PROBLEM STATEMENT: A word-for-word transcription of the records is required.

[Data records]
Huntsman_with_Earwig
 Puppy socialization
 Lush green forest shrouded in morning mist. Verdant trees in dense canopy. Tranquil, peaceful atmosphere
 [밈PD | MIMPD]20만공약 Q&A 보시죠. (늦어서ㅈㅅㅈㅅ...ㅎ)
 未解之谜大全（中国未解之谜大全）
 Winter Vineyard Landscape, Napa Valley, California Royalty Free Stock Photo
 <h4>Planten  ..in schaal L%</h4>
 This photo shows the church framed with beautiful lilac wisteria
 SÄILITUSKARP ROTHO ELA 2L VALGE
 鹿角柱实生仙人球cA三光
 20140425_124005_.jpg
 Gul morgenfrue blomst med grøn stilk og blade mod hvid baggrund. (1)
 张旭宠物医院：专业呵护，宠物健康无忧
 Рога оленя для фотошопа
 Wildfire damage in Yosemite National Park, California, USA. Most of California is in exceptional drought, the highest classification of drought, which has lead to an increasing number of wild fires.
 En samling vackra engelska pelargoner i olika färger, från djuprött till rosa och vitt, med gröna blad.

SOLUTION:
Huntsman_with_Earwig
 Puppy socialization
 Lush green forest shrouded in morning mist. Verdant trees in dense canopy. Tranquil, peaceful atmosphere
 [밈PD | MIMPD]20만공약 Q&A 보시죠. (늦어서ㅈㅅㅈㅅ...ㅎ)
 未解之谜大全（中国未解之谜大全）
 Winter Vineyard Landscape, Napa Valley, California Royalty Free Stock Photo
 <h4>Planten  ..in schaal L%</h4>
 This photo shows the church framed with beautiful lilac wisteria
 SÄILITUSKARP ROTHO ELA 2L VALGE
 鹿角柱实生仙人球cA三光
 20140425_124005_.jpg
 Gul morgenfrue blomst med grøn stilk og blade mod hvid baggrund. (1)
 张旭宠物医院：专业呵护，宠物健康无忧
 Рога оленя для фотошопа
 Wildfire damage in Yosemite National Park, California, USA. Most of California is in exceptional drought, the highest classification of drought, which has lead to an increasing number of wild fires.
 En samling vackra engelska pelargoner i olika färger, från djuprött till rosa och vitt, med gröna blad.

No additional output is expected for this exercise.